• YOUR ASSIGNMENT
Exactly as they stand, repeat the lines from the one containing "this 640×480 image." through the final line of the listing, both ends included, and nothing else; skip the pictures.

• RECORDS FOR PROCESSING
__________________________________________________

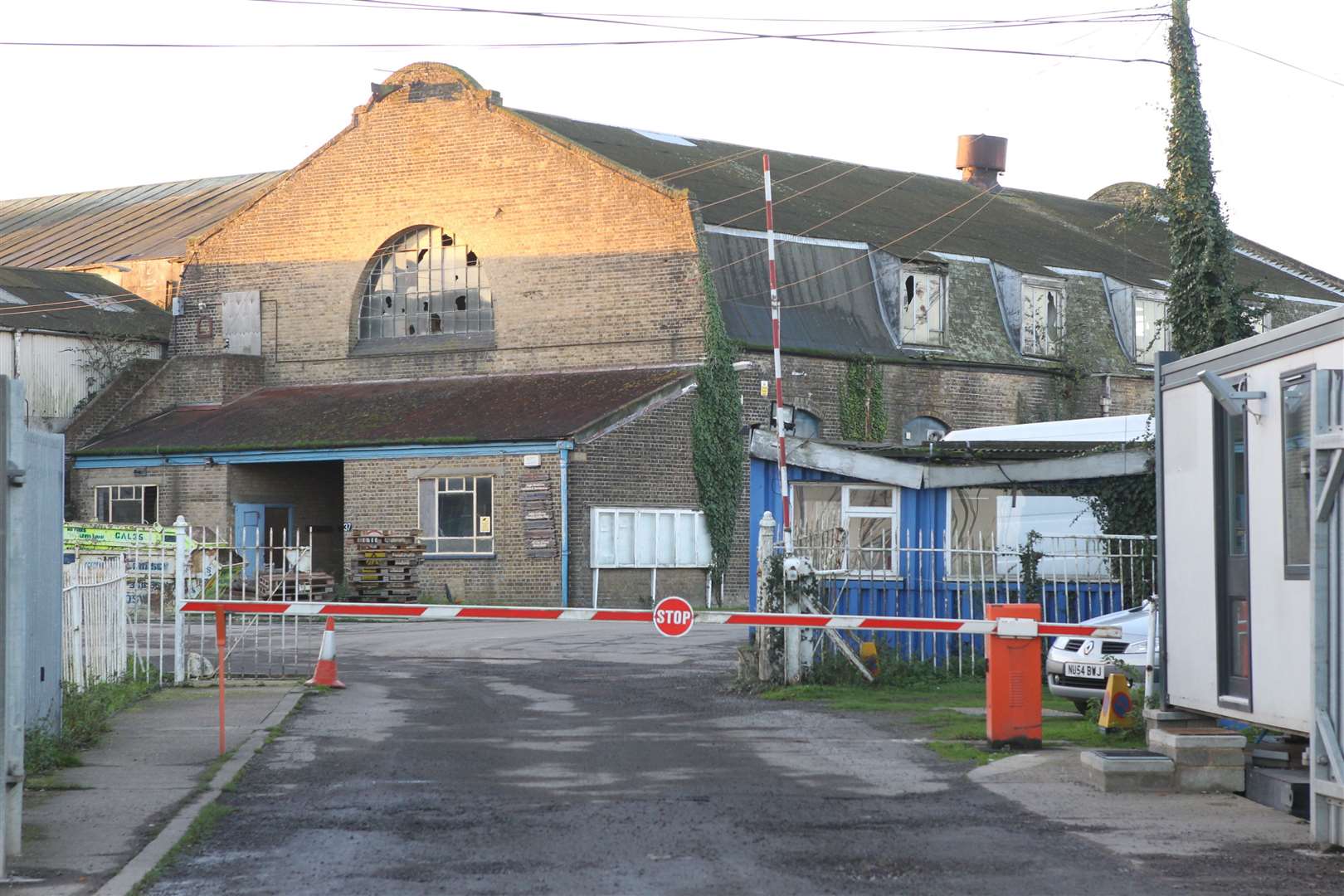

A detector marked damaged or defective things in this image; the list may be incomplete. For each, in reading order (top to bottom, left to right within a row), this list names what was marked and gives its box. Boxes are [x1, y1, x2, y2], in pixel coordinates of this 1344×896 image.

broken window pane [360, 228, 497, 343]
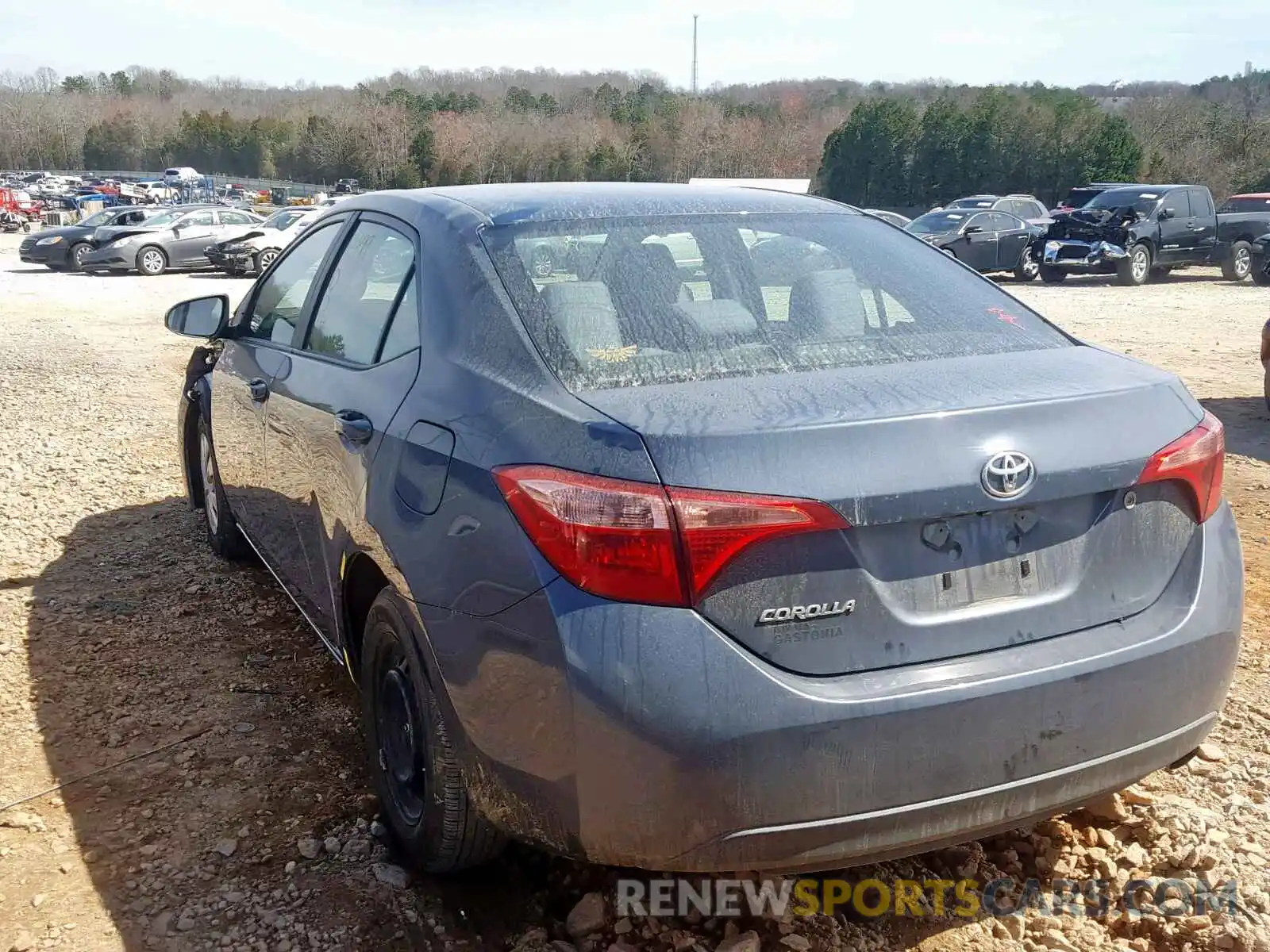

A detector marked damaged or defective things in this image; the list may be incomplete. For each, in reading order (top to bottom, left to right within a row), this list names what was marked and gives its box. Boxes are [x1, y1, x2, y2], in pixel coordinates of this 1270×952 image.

damaged car [206, 204, 320, 274]
damaged car [1031, 184, 1270, 286]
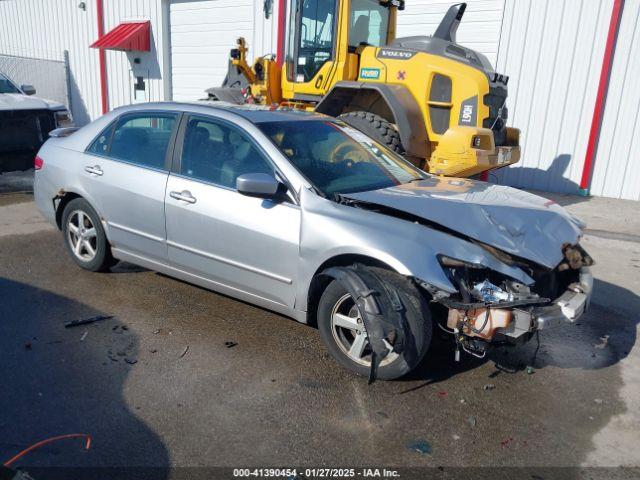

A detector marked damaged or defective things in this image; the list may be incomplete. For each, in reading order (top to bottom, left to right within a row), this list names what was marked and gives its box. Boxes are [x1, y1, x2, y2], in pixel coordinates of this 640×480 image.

crumpled hood [0, 93, 65, 110]
cracked headlight assembly [53, 109, 74, 127]
damaged silver sedan [33, 104, 596, 382]
crumpled hood [344, 176, 584, 268]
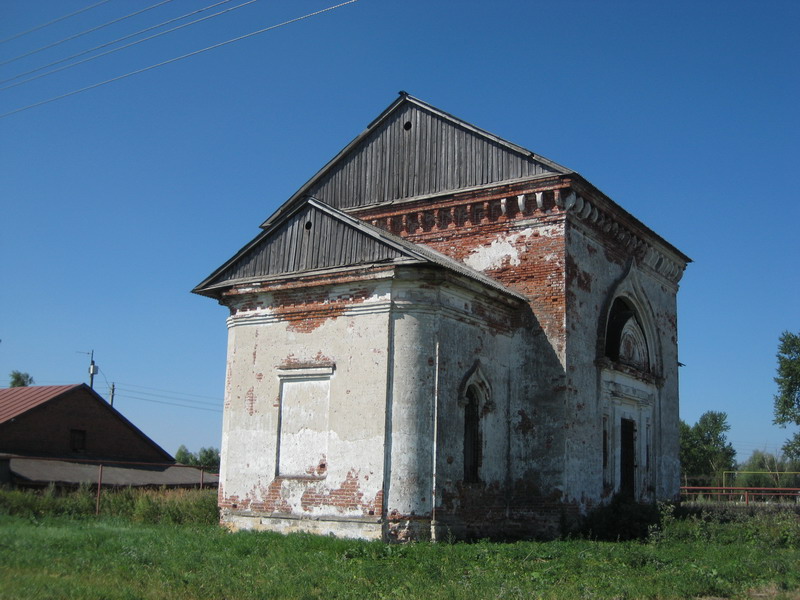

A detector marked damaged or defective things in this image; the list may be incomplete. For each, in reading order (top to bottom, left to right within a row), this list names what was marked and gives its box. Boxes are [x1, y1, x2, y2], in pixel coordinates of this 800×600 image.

rusted metal fence [680, 486, 800, 504]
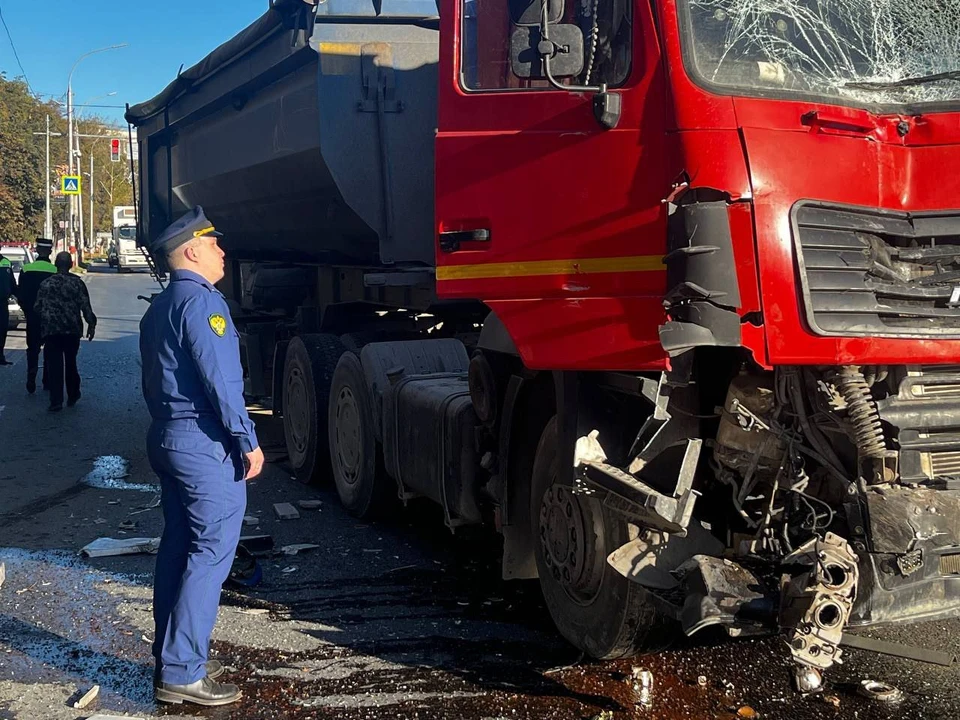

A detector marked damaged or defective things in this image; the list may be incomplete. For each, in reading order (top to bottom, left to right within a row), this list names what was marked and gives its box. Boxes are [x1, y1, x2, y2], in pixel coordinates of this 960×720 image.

cracked windshield [688, 0, 960, 105]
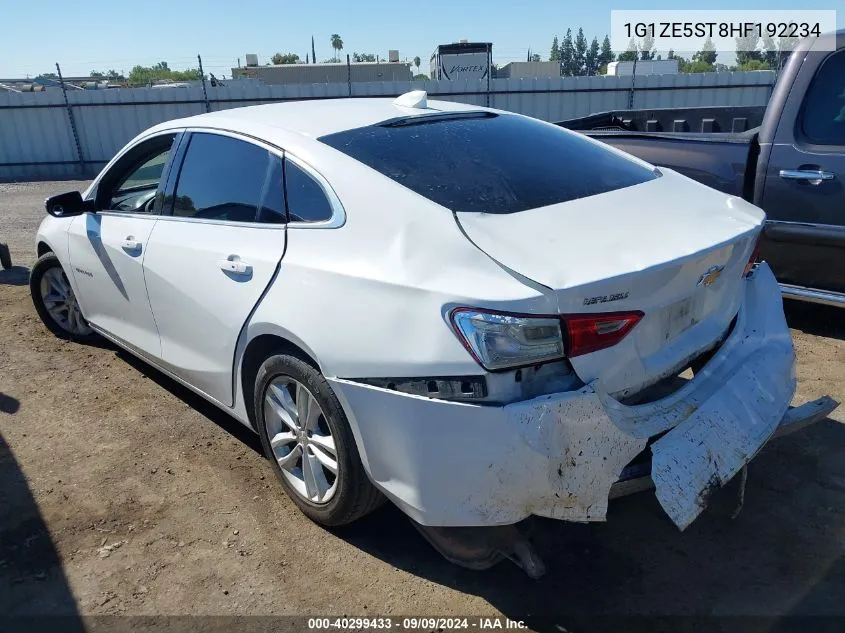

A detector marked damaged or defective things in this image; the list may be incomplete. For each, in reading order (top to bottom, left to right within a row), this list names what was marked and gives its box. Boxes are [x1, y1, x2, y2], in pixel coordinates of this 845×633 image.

__________________________________________________

• EXERCISE RESULT
A detector marked damaged or defective things in this image; the list may be incomplete. For each, in reading order (top to bottom, left to right within a row), this list names what was marked and gives its box. Boxes are [x1, y1, x2, y2], in pixel coordinates of this 640×480 image.

crumpled hood [0, 93, 65, 110]
cracked headlight assembly [53, 109, 74, 127]
damaged silver sedan [33, 104, 596, 382]
crumpled hood [344, 176, 584, 268]

A detector marked damaged or defective things in this image; the list may be incomplete. For each, in reading order (top to bottom, left to right within a row), this list names what was marked and gives its box. Boxes are [x1, y1, x2, y2], in pixel coordinates of this 800×600 image.

rusted metal fence [680, 486, 800, 504]

A detector marked damaged or defective things in this image; the list may be incomplete. For each, in reading order (top to bottom, left to right within a row), this list names what was marked and gives its box. Boxes are [x1, y1, x2, y2], in pixel coordinates of this 960×720 image.

cracked windshield [688, 0, 960, 105]

A detector marked damaged or defective things in this image; the list may be incomplete. For each, in reading order (top to bottom, left to right within a row), this list names what was marked and gives its box. Boxes are [x1, y1, x2, y2], in pixel coordinates of this 845×633 image.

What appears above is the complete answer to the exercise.